Solve the following question and mark the best possible option.

In a test, an examinee either guesses or copies or knows the answers to a multiple-choice question with four choices. The probability that he makes a guess is `1/3` and the probability that he copies the answer is `1/6`. The probability that his answer is correct given that he copied it, is `1/8`. Find the probability that he knew the answer to the question given that he correctly answered it.

#### Options

`13/27`

`24/29`

`18/31`

`17/31`

#### Solution

Let E_{1} be the event that the answer is guessed E_{2} be the event that the answer is copied, E_{3 }be the event that the examinee knows the answer and E be the event that the examinee answered correctly.

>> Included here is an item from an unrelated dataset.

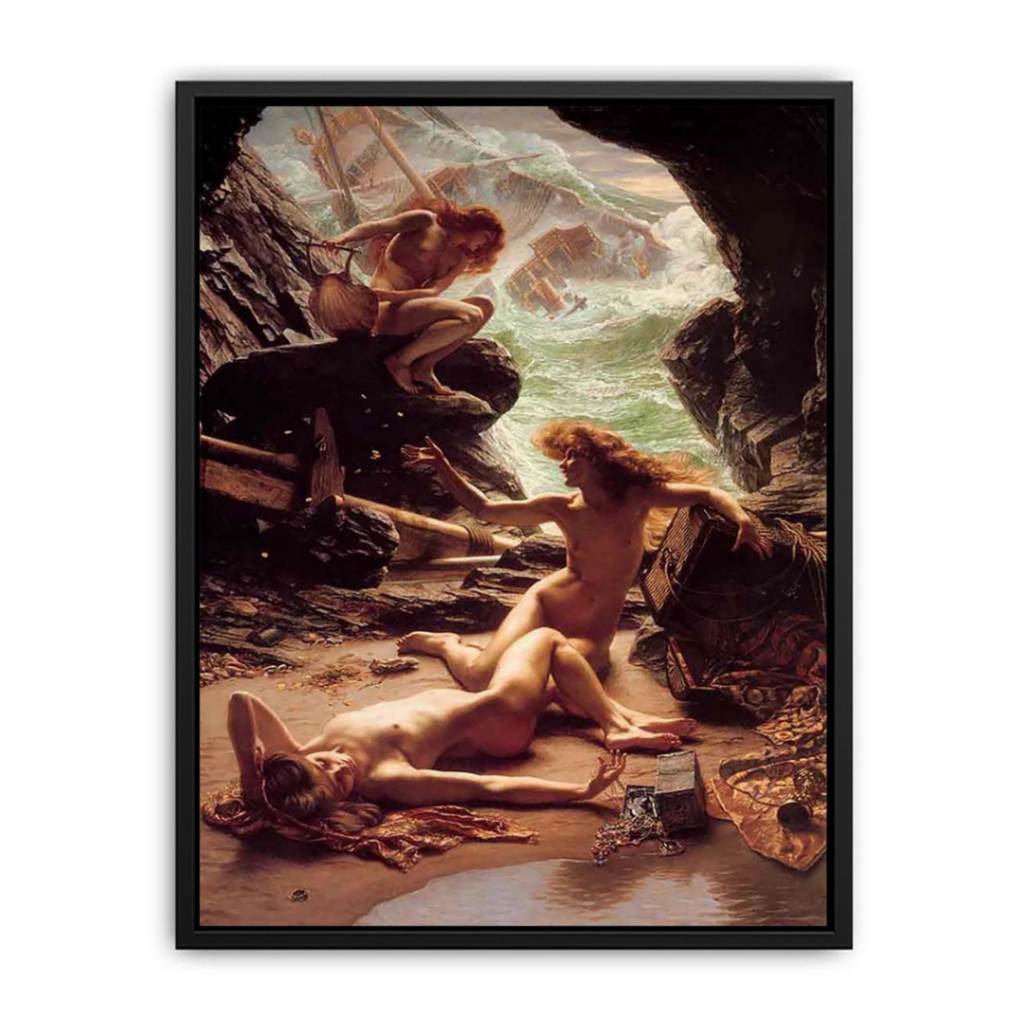 Cave of the Storm Nymphs 1903 Canvas Print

Given P(E_{1}) = `1/3, P(E_2) = 1/6`

Assume that events E_{1}, E_{2 }and E_{3} are exhaustive.

P(E_{1}) + P(E_{2}) + P(E_{3}) = 1

P(E_{3}) = 1 - P(E_{1}) - P(E_{2}) = 1 - `1/3 - 1/6 = 1/2`

Now P(E/E_{1}) = Probability of getting a correct answer by guessing = `1/4`

[Since these are 4 alternatives]

P(E/E_{2}) = Probability of answering correctly by copying = `1/8`

P(E/E_{3}) = Probability of answering correctly by knowing = 1

Clearly (E_{3}/E) is the event he knew the answer to the question given that he correctly answered it.

∴ P(E_{3}/E) = `[P(E_3) P(E/E_3)]/[P(E_1) P(E/E_1) + P(E_2) P(E/E_2) + P(E_3) P(E/E_3)]`

∴ P(E_{3}/E) = `(1/2 xx 1)/(1/3 xx 1/4 + 1/6 xx 1/8 + 1/2 xx 1) = 24/29.`